Quando a União repassa parte dos impostos dos brasileiros a uma prefeitura ou a um Estado, o recurso costuma estar atrelado a um projeto específico. É como a placa exposta em qualquer obra pública: ali consta a fonte da verba, para que fim será usada, as datas de início e de previsão de término dos trabalhos. Isso permite às entidades de fiscalização e a qualquer pessoa acompanhar a aplicação do dinheiro e o andamento do serviço até o fim. No caso das transferências especiais, é como se a placa fosse arrancada.

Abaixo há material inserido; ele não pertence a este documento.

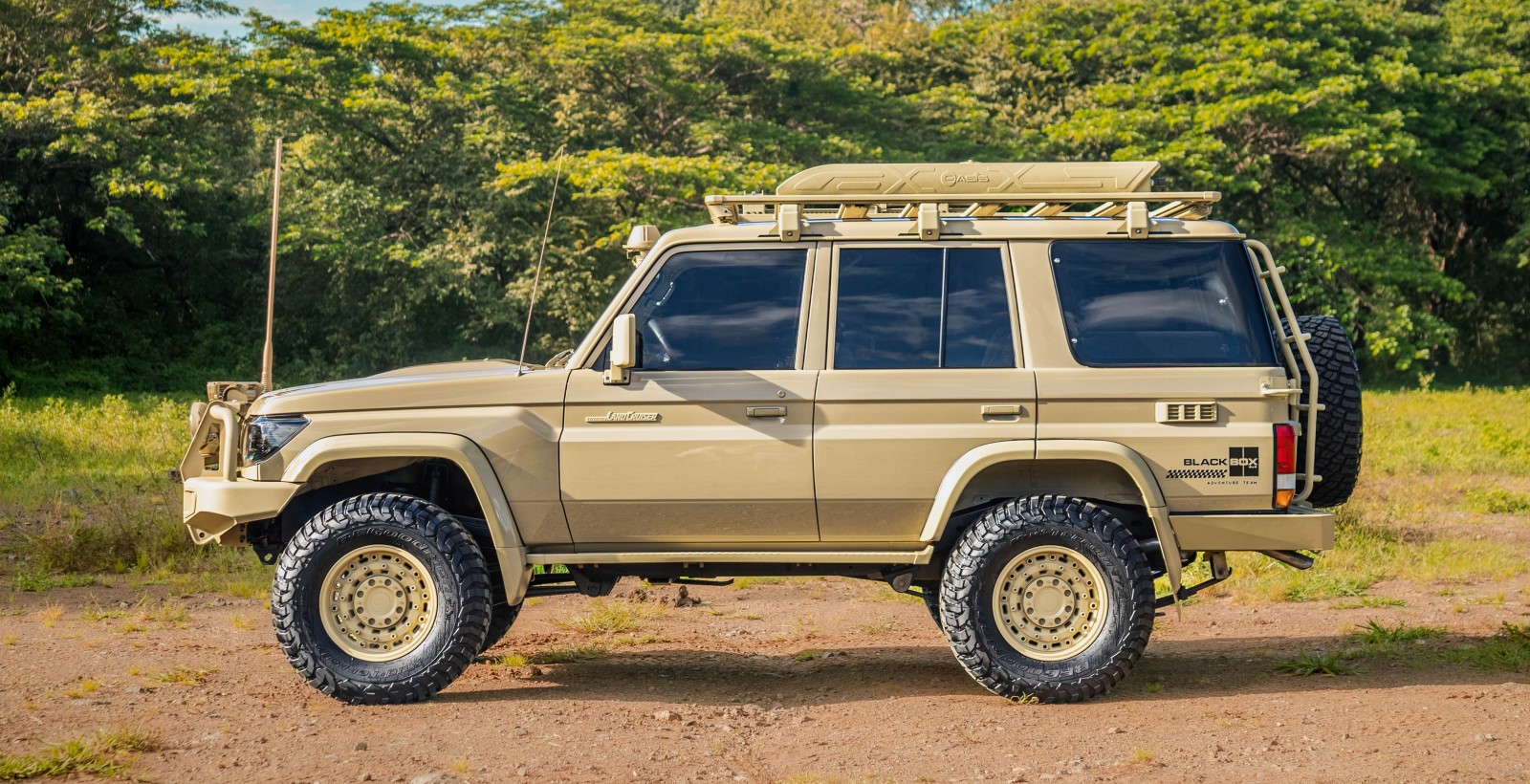 toyota-land-cruiser-lc76-108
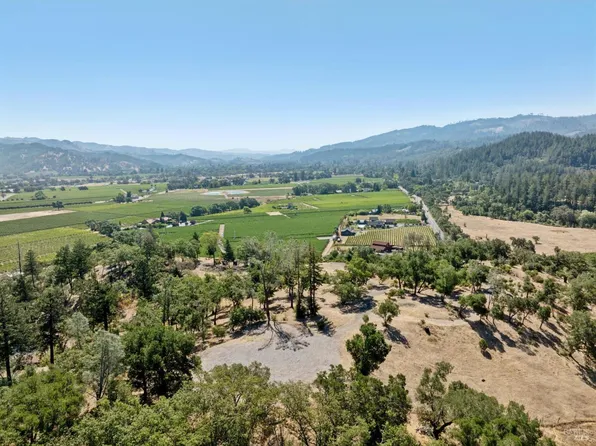1128 Bennett Lane, Calistoga, CA 94515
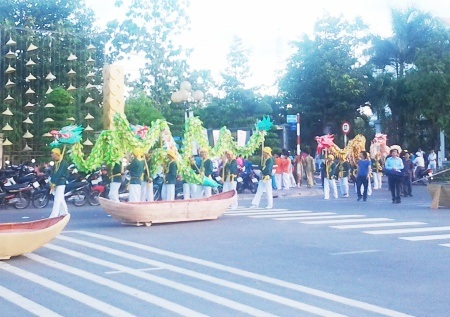 Các diễn viên đang tập dượt sẵn sàng cho lễ khai mạc vào tối 25/4. (Ảnh: Huỳnh Hải)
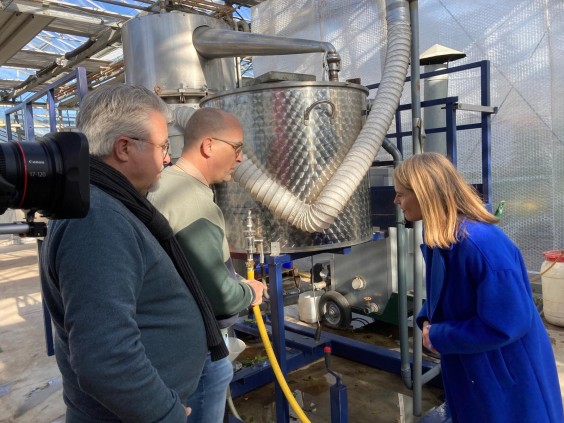 Marieke Eyskoot op bezoek bij de laurierkwekerij | Foto: BinnensteBuiten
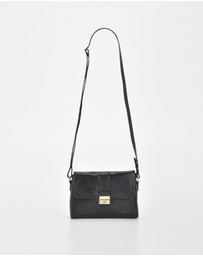Cobb & Co - Kotara Classic Leather Crossbody Bag
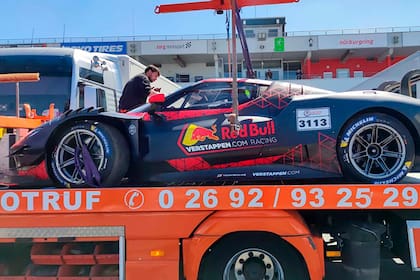 La Ferrari 296GT3 promocionada por Verstappen terminó su entrenamiento en el circuito de Nurburgring a bordo de una grúa, cuando era conducida por otro piloto.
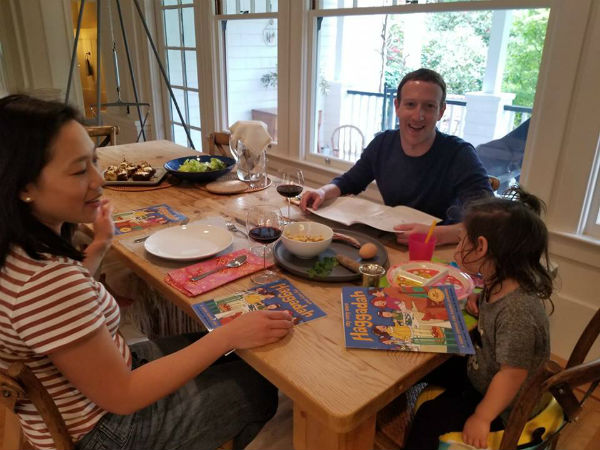 আপনার সন্তান কি ফেসবুকে-মোবাইলে আসক্ত! জুকারবার্গের পরিবারের জীবনধারণ কিন্তু অন্য আপনার সন্তান কি ফেসবুকে-মোবাইলে আসক্ত! জুকারবার্গের পরিবারের জীবনধারণ কিন্তু অন্য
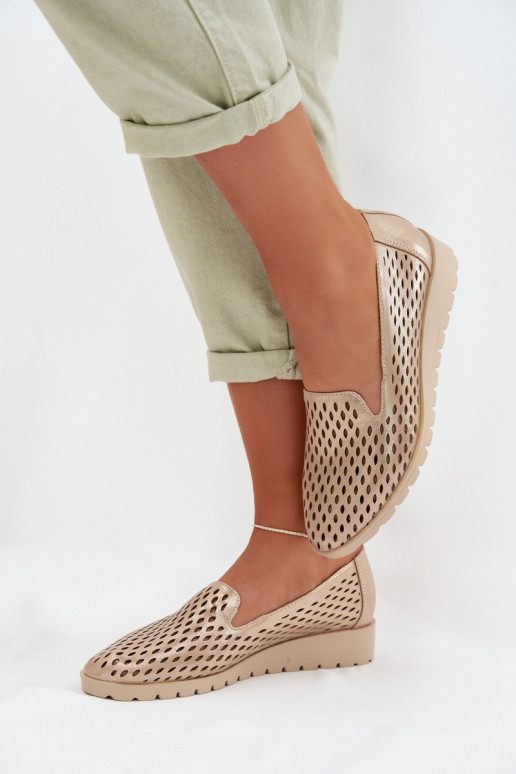 com elementos abertos sapato Feminino cor dourada Flariette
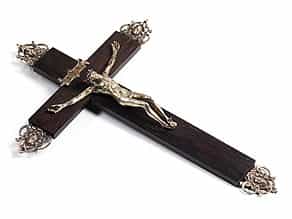 Holzkreuz mit silbernem Corpus Christi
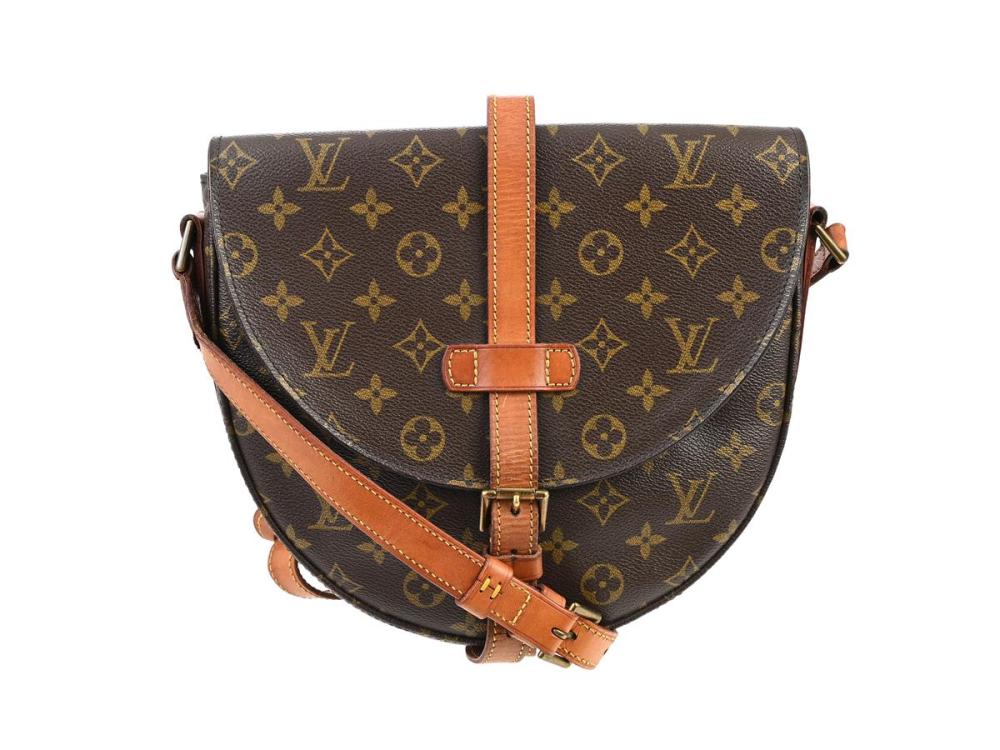 Accessories

Handbags

BAG, LOUIS VUITTON, Chantilly Bag, monogram canvas, gold-tone hardware, 22x24x6 cm, marked 8910.V.I.
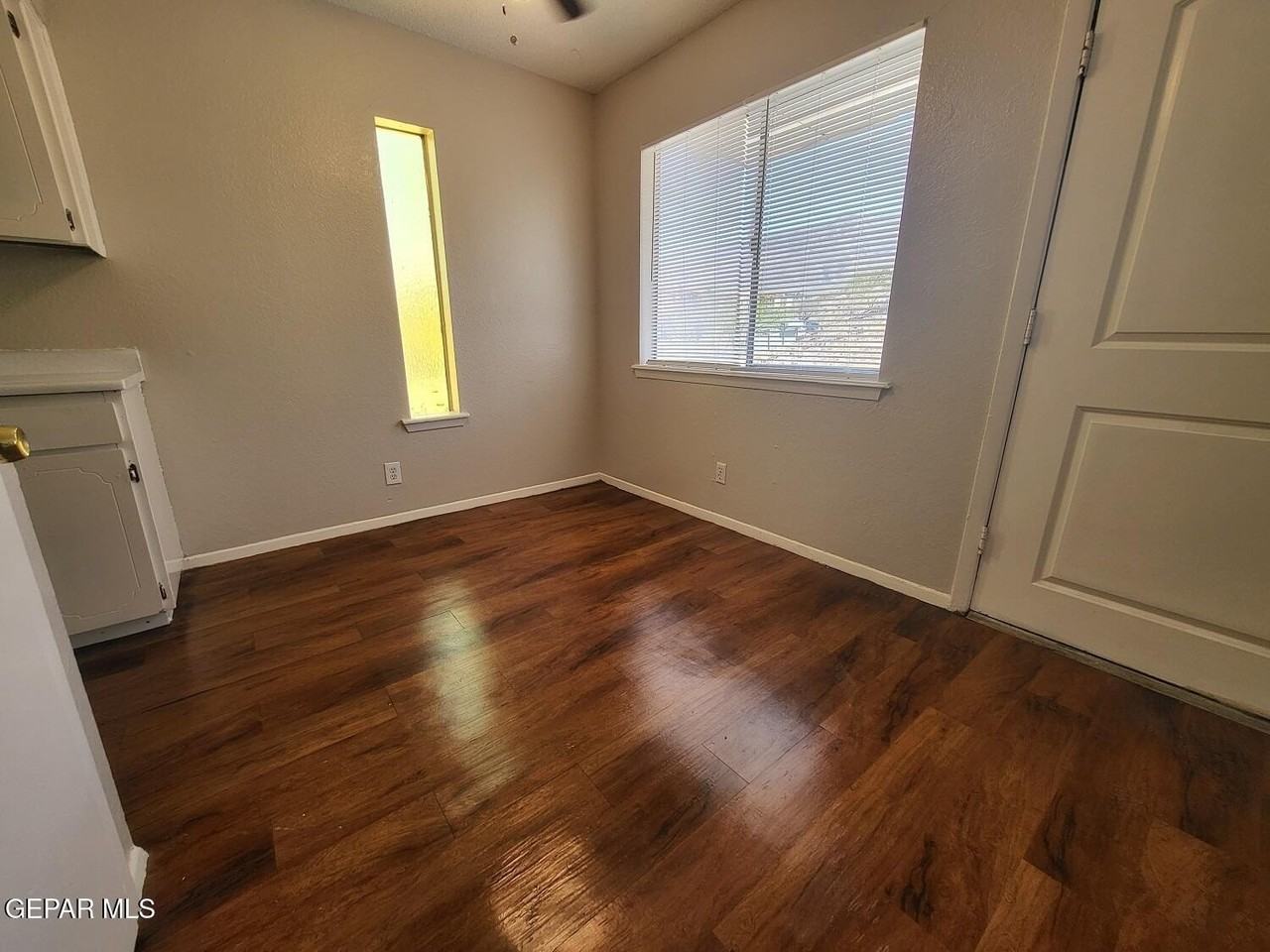 5209 Carousel Dr #6 - Photo 3 of 10
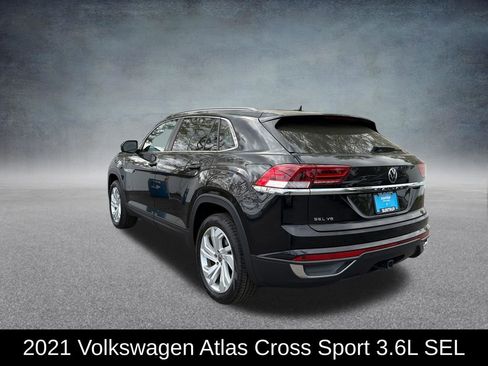 Used 2021 Volkswagen Atlas Cross Sport SEL w/ Cross Sport MDO Package FWD image 3
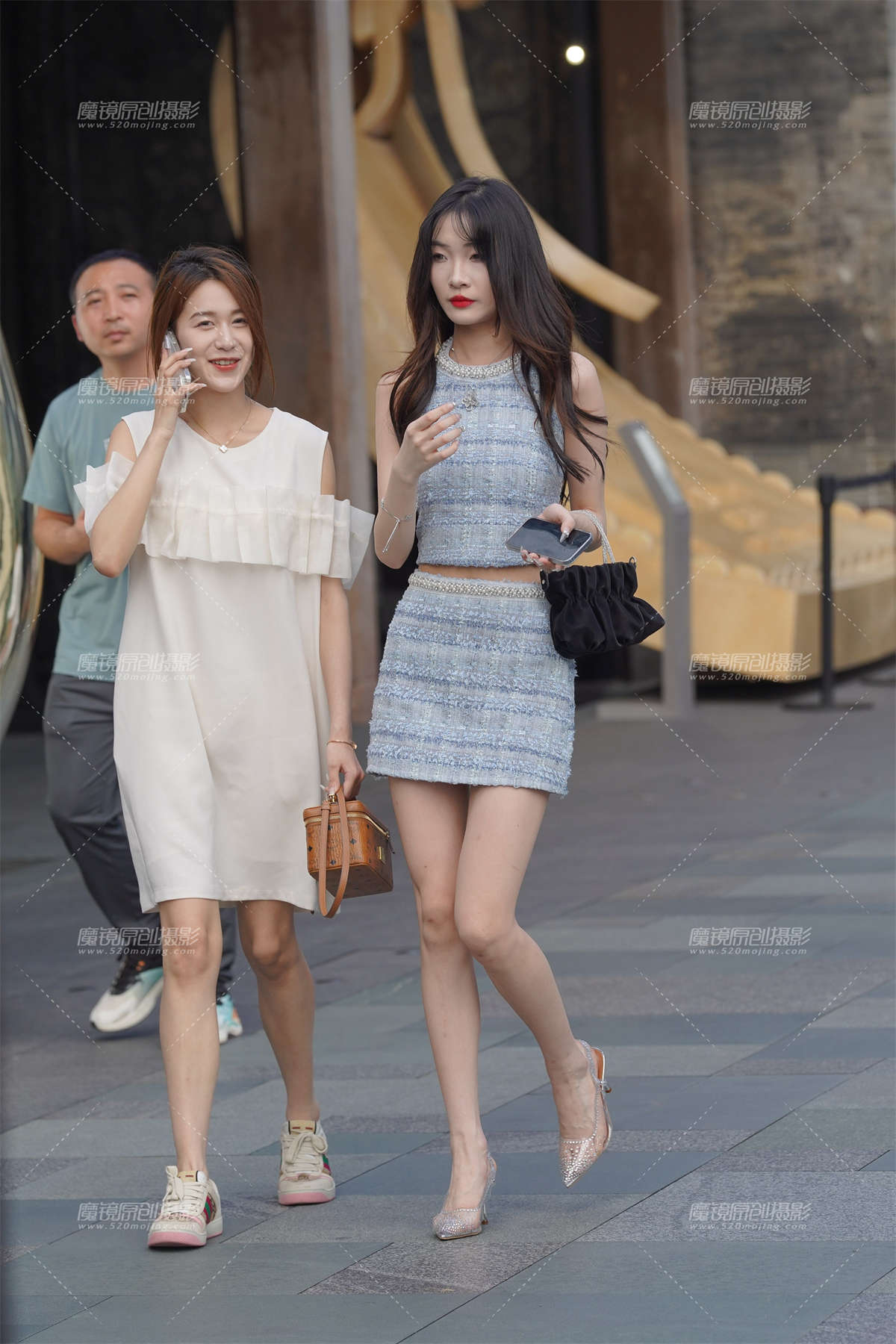 白皙长腿美眉-日更街拍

A partir da emenda constitucional 105/2019, a cada ano todo parlamentar federal tem direito de oferecer até metade do valor de suas emendas individuais a prefeituras ou a governos estaduais sem o carimbo de um projeto específico. Para 2022, isso representa R$ 8,8 milhões potencialmente livres em um total de R$ 17,6 milhões por legislador – a outra metade deve obrigatoriamente ser aplicada na saúde.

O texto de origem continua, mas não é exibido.